5 Replies Latest reply on Jul 6, 2012 3:37 AM by Wenju

    Are wavefronts reused?

    cadorino

      Hi,

      I'm collecting counters using GPUPerfAPI 2.9 and vector addition (Saxpy) on the A8 integrated GPU.

      The kernel is very simple: y[i] = a * x[i] + y [i].

      When the input size increases starting from 64KB to 4MB, the number of wavefronts increases in its turn. Anyway, when the input size is 8MB the number of wavefronts drops.

      So I guess if this means that wavefronts are reused.

      In addition, also other GPU counters drop in the middle of the input size range, as you can see in the file reported below.

       

      Can you help explain this behavior?

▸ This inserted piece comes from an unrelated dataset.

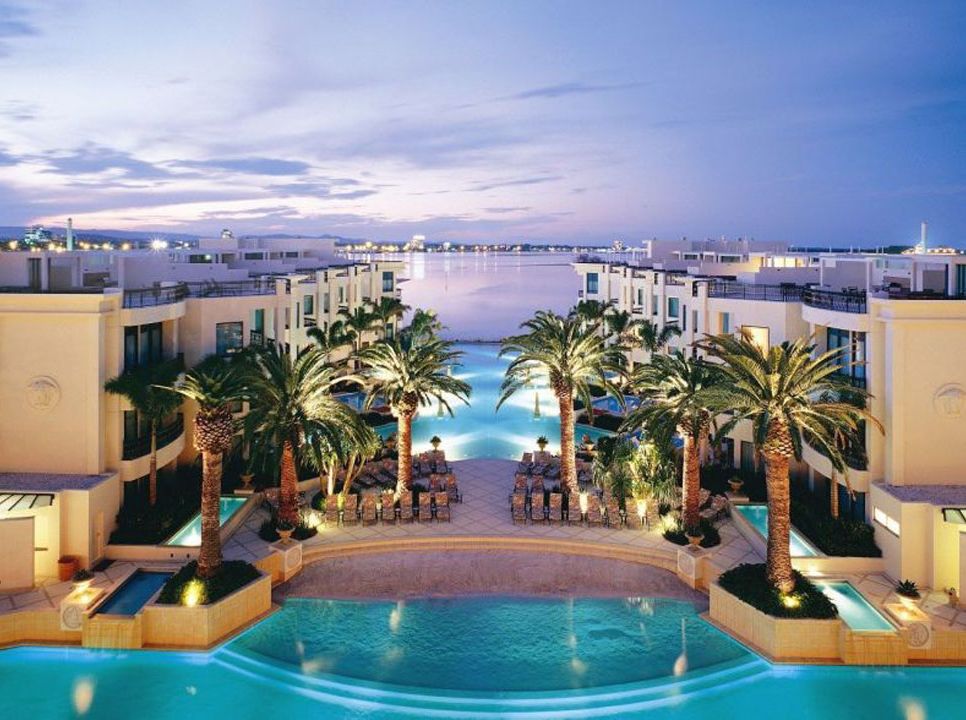 Swimming pool, Resort, Real estate, Arecales, Aqua, Azure, Flowering plant, Seaside resort, Majorelle blue, Apartment,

      Thank you very much!

       

      Saxpy counters: http://www.gabrielecocco.it/Saxpy.htm

        • Re: Are wavefronts reused?
          Wenju

          hi cadorino,

          each compute unit provides 16384 GP registers, and each register contains 4x32-bit values. The total register size is 256 kB of storage per  compute unit. These registers are shared among all active wavefronts on the compute unit; each kernel allocates only the registers it needs from the shared pool. This is unlike a CPU, where each thread is assigned a fixed set of architectural registers. However, using many registers in a kernel depletes the shared pool and eventually causes the hardware to throttle the maximum number of active wavefronts .

          • Re: Are wavefronts reused?
            plohrmann

            Hello cadorino,

             

            Wenju is correct that the GPU may be reducing the number of active wavefronts due to the resource requirements / constraints.

            • Re: Are wavefronts reused?
              cadorino

              Thank you for your answers.

              I've a question that naturally follows your answers. The number of wavefronts and workgroups per CU and per GPU is also limited by design. For example, 24.8 wavefronts per CU on the 5870.
              Now, suppose that I do a vector addition, with two 16M float vectors (64MB). Each work item sums two elements, so the global size is 16M work items. This means 16M / 64 = 256K wavefronts.

              If we actually ignore workgroup size, 256K wavefronts means 256K / 20 = 13K wavefronts per CU, which is much bigger than the 24.8 limit.

               

              Summarizing, working on big data often leads to an high number of wavefronts per CU, much bigger than the design limit. Anyway, the algorithms run correctly. So, how do OpenCL and GPU infrastructure handle this? Do they split the kernel into identical sub kernels operating on smaller (sequential) amount of data or what?